Pero si no es con amor entre los discípulos, nada de nada. Si tengo todo (conocimiento, ciencia, estrategias, bienes, etc.), y no tengo amor, de nada me vale, deja constancia la primera carta a los corintios en su capítulo décimo tercero. Así que
menos anhelos de alcanzar cotas de relevancia o poder en esta sociedad española y más coherente relación confraternal que refleje el cumplimiento de las Sagradas Escrituras en nuestras vidas diarias.
También hace mención de “las pequeñas iglesias evangélicas (…) que todavía se creían el bastión de una verdadera espiritualidad de seguimiento a Cristo”. Y, en este sentido, sí que pido un poco de respeto por nuestras pequeñas comunidades en las que estamos trabajando duro por ser un testimonio fiel de Cristo en los lugares más desfavorecidos; podríamos adentrarnos más en las iglesias grandes -con pequeña membresía- por si cabe la posibilidad de darles un uso más apropiado, para con ello alcanzar ese pretendido auge social que anhela nuestro autor.

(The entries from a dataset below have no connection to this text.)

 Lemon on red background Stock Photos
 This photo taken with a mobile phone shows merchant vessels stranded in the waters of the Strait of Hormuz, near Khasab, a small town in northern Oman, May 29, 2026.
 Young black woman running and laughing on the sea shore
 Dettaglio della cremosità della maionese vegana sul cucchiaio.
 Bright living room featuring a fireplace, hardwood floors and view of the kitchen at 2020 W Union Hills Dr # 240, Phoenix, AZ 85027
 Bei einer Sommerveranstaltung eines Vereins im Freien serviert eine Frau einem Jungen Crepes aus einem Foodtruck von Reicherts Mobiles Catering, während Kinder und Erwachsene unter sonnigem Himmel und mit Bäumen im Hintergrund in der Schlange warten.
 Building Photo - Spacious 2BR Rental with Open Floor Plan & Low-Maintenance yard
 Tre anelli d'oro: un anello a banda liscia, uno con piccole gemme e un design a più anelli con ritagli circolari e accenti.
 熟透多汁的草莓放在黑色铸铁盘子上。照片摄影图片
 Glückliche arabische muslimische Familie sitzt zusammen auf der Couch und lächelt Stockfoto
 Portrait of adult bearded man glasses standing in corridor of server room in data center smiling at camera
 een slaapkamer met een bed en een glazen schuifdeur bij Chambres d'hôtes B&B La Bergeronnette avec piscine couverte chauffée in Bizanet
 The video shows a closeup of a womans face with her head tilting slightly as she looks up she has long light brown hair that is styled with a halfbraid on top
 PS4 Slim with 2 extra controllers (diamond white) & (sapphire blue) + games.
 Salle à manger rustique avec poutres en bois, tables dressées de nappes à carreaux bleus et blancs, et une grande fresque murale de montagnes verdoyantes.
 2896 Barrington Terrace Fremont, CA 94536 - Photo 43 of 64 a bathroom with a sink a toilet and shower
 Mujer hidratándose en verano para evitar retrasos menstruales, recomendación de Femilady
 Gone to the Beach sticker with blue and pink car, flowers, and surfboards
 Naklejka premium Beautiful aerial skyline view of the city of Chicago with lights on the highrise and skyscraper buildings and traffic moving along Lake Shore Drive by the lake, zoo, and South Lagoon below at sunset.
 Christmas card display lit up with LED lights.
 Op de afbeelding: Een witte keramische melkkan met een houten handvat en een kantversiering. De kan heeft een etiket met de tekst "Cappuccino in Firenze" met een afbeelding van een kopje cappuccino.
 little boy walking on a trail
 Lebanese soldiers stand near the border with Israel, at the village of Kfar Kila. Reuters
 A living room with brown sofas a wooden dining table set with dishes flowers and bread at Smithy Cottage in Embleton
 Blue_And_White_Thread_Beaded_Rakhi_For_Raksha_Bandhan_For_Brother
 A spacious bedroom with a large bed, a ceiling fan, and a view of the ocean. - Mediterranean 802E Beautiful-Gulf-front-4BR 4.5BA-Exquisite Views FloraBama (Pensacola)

Por otro lado, aconseja salir de “la tutela chantajista” de muchos dirigentes para “ejercer ministerios con las capacidades de persuasión y convencimiento antes que con la amenaza” (algo que es fácil de aconsejar y difícil de llevar a la práctica fuera de las páginas escritas). Con esto parece olvidar no sólo al Espíritu Santo mencionado, sino que denota con este posicionamiento lo que es persuadir: convencer razonando. Y si damos protagonismo excesivo a la razón olvidando que
“el Evangelio es locura al que se pierde” (
1 Corintios 1:18), volvemos al debate sempiterno.
EL EVANGELIO ES PODER DE DIOS, NO PODER HUMANO.
Y para terminar con la mentada narración propone que los evangélicos nos “involucremos más activamente en el área de toma de decisiones y nos comprometamos más con los poderes públicos” (y, claro, cuando salgan a la luz tramas corruptas seamos todos afectados por el beneficio efímero de algunos y algunas). Describe a un importante organismo “canalizador de recursos y catalizador de estrategias” y lo compara con el Consejo Mundial de Iglesias -en el símil de un pretendido Concilio Español de Iglesias-.
Aconseja “salvar algunos obstáculos importantes” como es “el secular anti-institucionalismo de las Iglesias Evangélicas Españolas”.
Gracias que
Jesús no formó parte del Sanedrín, ni participó del institucionalismo sacerdotal (a pesar del majestuoso templo y de las sinagogas)
y arremetió contra escribas y fariseos. Porque
alguien tiene que denunciar la injusticia con el fin de que se extienda el Reino de Dios; aunque sea clavado en un madero por la propia institución gobernante con el asentimiento de los poderes fácticos, como cómplices en la sombra. Alguien debe advertir del “ímpetu del espíritu de Judas” y llamar la atención para que seamos prudentes y no caigamos más en los hábitos del Iscariote dentro del protestantismo español.
Si no es el amor el canalizador de los recursos y el catalizador de estrategias, el don que predomine entre los que nos llamamos cristianos y cristianas, de nada servirá lo que hagamos. Amemos a Dios y amemos al prójimo. Y dejemos que Dios haga su parte.